Open lilltroll77 opened 13 years ago
the fir module uses 9+3FNOPs in the MAC loop, resulting in 12N+M1 instructions in total for a sample.
I claim that for I can do it in 5.5N+M2 for an even length filter with double buffering and (7 or 8)N +M3 for arbitrary lenght filter with a single circ buffer using XC.
Shall I push a proposal ?
Thanks - fixed this. The repo needed a bin directory to dump the response.csv file into.
Yes please push a proposal.
The absolute minimum for a FIR that does not fit in registers is going to be something like::
LDW LDW [FNOP] MACCS
The [FNOP] slot can be filled with a useful instruction if placed between the two loads. But there will be more instructions for increasing indices etc. Unrolling will help, except that a circular buffer requires wrap around checks, which you can get around by specialising the function as many times as you unroll. Not sure if that made sense....
Exactly, without unroll it can be done with,
LDW SUBI LDW SUBI MACS BRif!0
where 2*SUBI updates the two array index and make a fetch as well using the double data or double coef method that unfolds the circ buffer to a double length linear buffer (avoiding the need of wrap around check). Eg (5+1/s)N+M with s unrolls
Whit-out double length: Reminder is not good for checking the circ. buffer due to the computation time effecting other threads!? The alternative with an extra branch instead creates 2 branches in total, making it hard to fetch new instruction to fill the instruction buffer. Can it be done with 7N on the xs1 arch. using one circ buffer for filter-lengths other than 2^k?
Looks good. You can get rid of the second SUBI by presetting the pointer right I think?
bu entryPoint
.align 4
loop:
MACCS r5, r6, r0, r3
entrypoint:
LDW r0,r1[r2]
SUBI r2, r2, 1
LDW r3, r4[r2]
BT r2, loop
MACCS r5, r6, r0, r3
Making it a linear buffer gives an overhead of O(N) every N filters I presume - so that should be negligible?

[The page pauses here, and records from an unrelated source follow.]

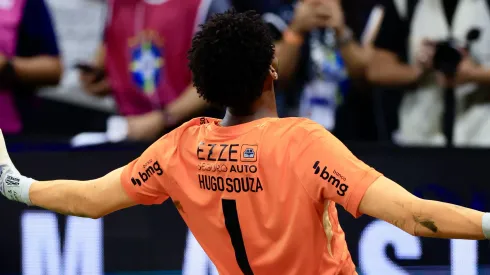Hugo Souza foi decisivo na semifinal da Copa do Brasil.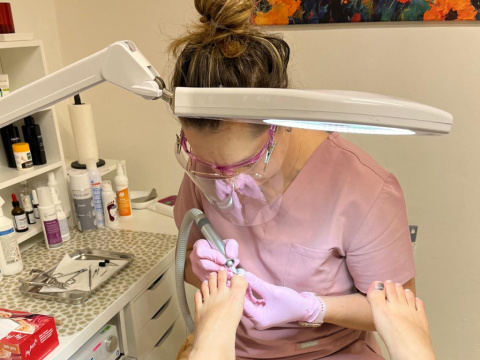 Pravidelná péče o chodidla dospělých, ale i u dětí, by měla být stejně důležitá, jako denní skin care nebo návštěva kadeřníka, říká Kateřina Malá, pedikérka věnující se podologii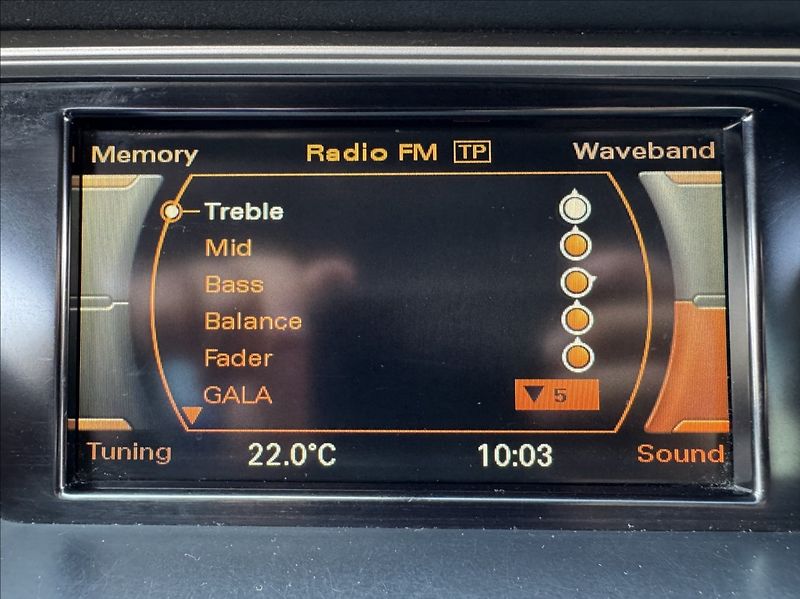 Audi A4 2,0 TDI 105kW AVANT - fotka 39 z 50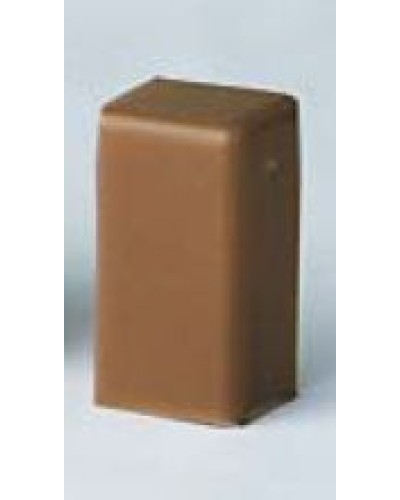 Заглушка LM 25x17, коричневая DKC (00578B) в Благовещенске Аксессуары для кабель-канала Pintop.ru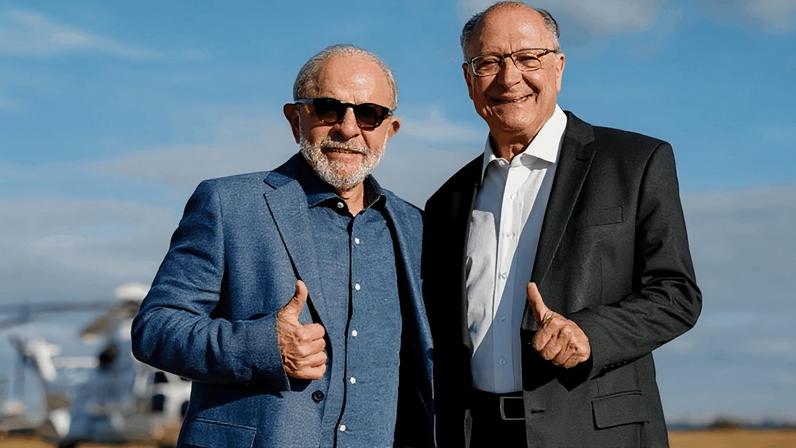 O objetivo da viagem, segundo o presidente, é consolidar parcerias e atrair investimentos; na imagem, Lula (esq.) e Alckimin (dir.)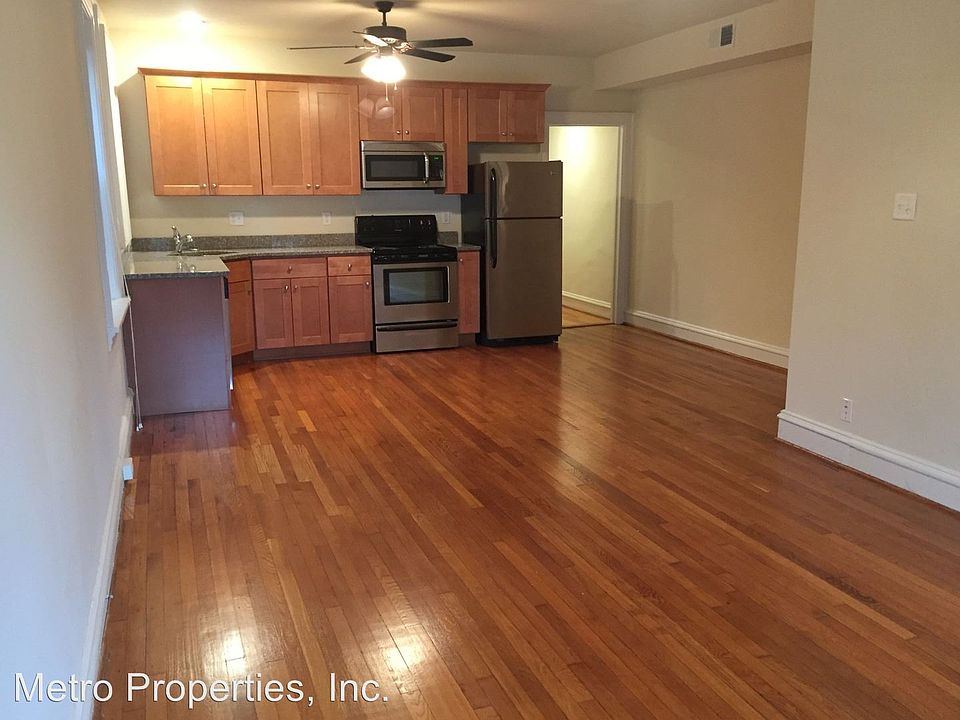 1st image of 3305 W Grace St APT 6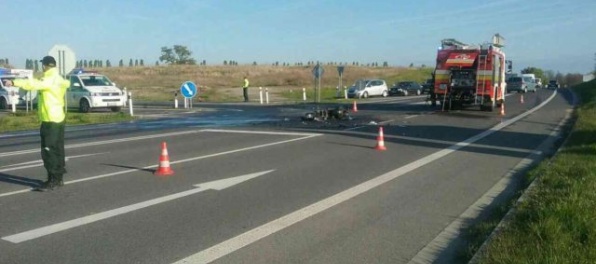 Foto: Po zrážke s autom v Záhorskej Bystrici horela motorka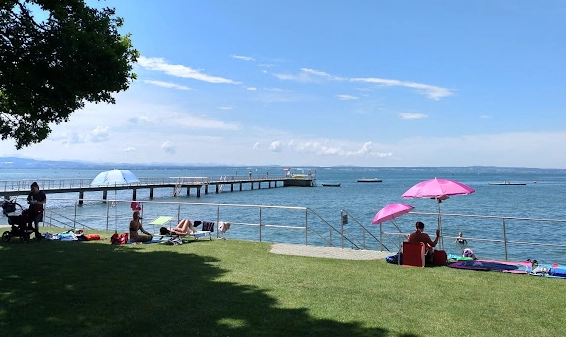 Tragischer Badeunfall am Bodensee: 59-Jähriger verstirbt trotz Rettungsversuch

Just a thought, if you want to do a FIR of up to something like 32 taps very quickly, you can use 8 threads and all registers. It would revert to a sequence:
IN
IN
IN
MACCS
MACCS
MACCS
MACCS
OUT
OUT
OUT
Where you IN a sample and a low/high accumulator, do 4 MACC operation on pre stored coefficients and 3 old values, and OUT the sample and the low/high accumulator. This comes down to 4 MACCS in 10 instructions, and all FIRs are pipelined.
I moved improvements of the actual code to another issue.
Maybe the Makefile in app_example_biquad should test if GCC is present and if not write an error message like: The GNU C Compiler is missing. Trying to build on a Windows machine will report:
make -f ../../sc_dsp_filters/build_biquad_coefficients/Makefile \ FILTER='-min -20 -max 20 -step 1 -bits 27 -low 250 -high 4000 -h src/coeffs.h -xc src/coeffs.xc -csv bin/response.csv' process_begin: CreateProcess(NULL, make -f ../../sc_dsp_filters/build_biquad_coefficients/Makefile "FILTER=-min -20 -max 20 -step 1 -bits 27 -low 250 -high 4000 -h src/coeffs.h -xc src/coeffs.xc -csv bin/response.csv", ...) failed.
A linux hacker will see that it begins with make not xmake, but that is not so easy to see for the common Windows user.
yes - I agree that it should - but not sure how to do that in a portable manner.
Another solution would be to use xcc and xsim - if only xsim could cope with arguments. But they could be read over stdin I guess. That would mean that you just use xcc/xmake/xsim, and no other toolchains required?
That would be nice!
Tested in Ubuntu, but the linker? is not happy with the .o files.
Not sure how it every compiled without the -lm option. That should resolve it. I will try and change it to not require gcc today.
Hi
No hurry, but I'm curious if it was possible to use xcc instead of gcc.
I had a crack at it, and it is possible, but I stumbled across a few interesting issues; the software was written with "memory is no limit" in mind.
I will have another crack a bit later this week; it won't be fast, since it will run on a simulator, and double precision floating point is implemented in software... I don't want to translate it to short fixed point at this stage (although it is something I have been wondering about - one of hte reasons to write lib_fixed_point is to see if coefficients can be computed on the fly rather than store them in big tables).
Made some more progress on this - all parameters are now passed in in a way that is xcc compatibly - not using argc/argv. Next I will set it up with a large memory and see whether it is prohibitively slow.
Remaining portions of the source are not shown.